Pero entonces, ¿todo vale? El posmodernismo da vuelta la pregunta: cuando no 
todo valía, ¿quién imponía el valor? Pero entonces, ¿ya no hay canon? De nuevo 
el reverso: cuando había canon, ¿al servicio de quiénes estaba? La diversidad y 
la diferencia catalogan a toda verdad fuerte como dogma, replanteando el rol del 
conocimiento, más preocupado entonces por comprender cómo se formaron los dogmas 
históricamente, que abocado a la reproducción de los mismos. 

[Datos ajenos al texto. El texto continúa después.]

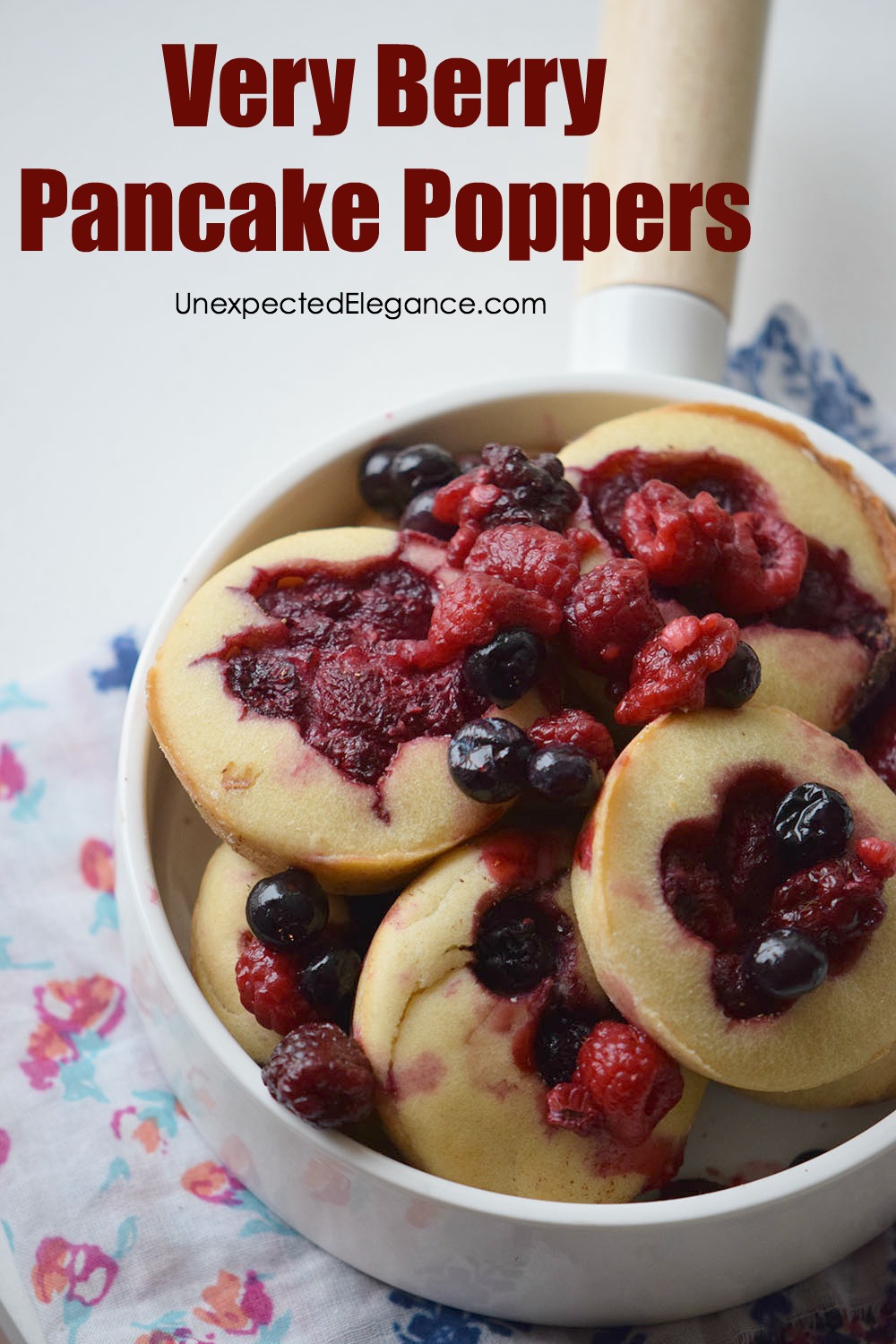 Need a quick and delicious breakfast recipe? Check out these berry pancake poppers! They are great for a brunch or even a breakfast on the go.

3. Desenmascaramiento del carácter político del saber: relativismo y 
extrañamiento
Si la construcción del saber es una pelea entre relatos, el conocimiento cada 
vez menos tiene que ver con la verdad y cada vez más con el poder. O bien, se 
admite que hay una lucha de metáforas (al estilo nietzscheano) donde algunos 
relatos se imponen sobre otros; o bien, aunque así sea de hecho, se proclama, 
con Vattimo, la necesidad de admitir que ante el carácter metafórico de las 
propias verdades (débiles), no tiene sentido la guerra, sino el amor. Si yo se 
que mis verdades son no-verdades, mi apertura a una conversación con el otro es 
mucha más plena, ya que se halla despojada de todo dogma. Si el saber es siempre 
político, al desapropiarme de mi mismo, puedo amar al otro, en el sentido más 
elemental del amor como búsqueda sin punto de llegada. Amar como quien recorre, 
conocer como quien pregunta. El extrañamiento con mis propias verdades me 
permite “salirme de mi mismo” al estilo de Levinas y poder conectar entonces con 
ese otro que también está en el mismo proceso. 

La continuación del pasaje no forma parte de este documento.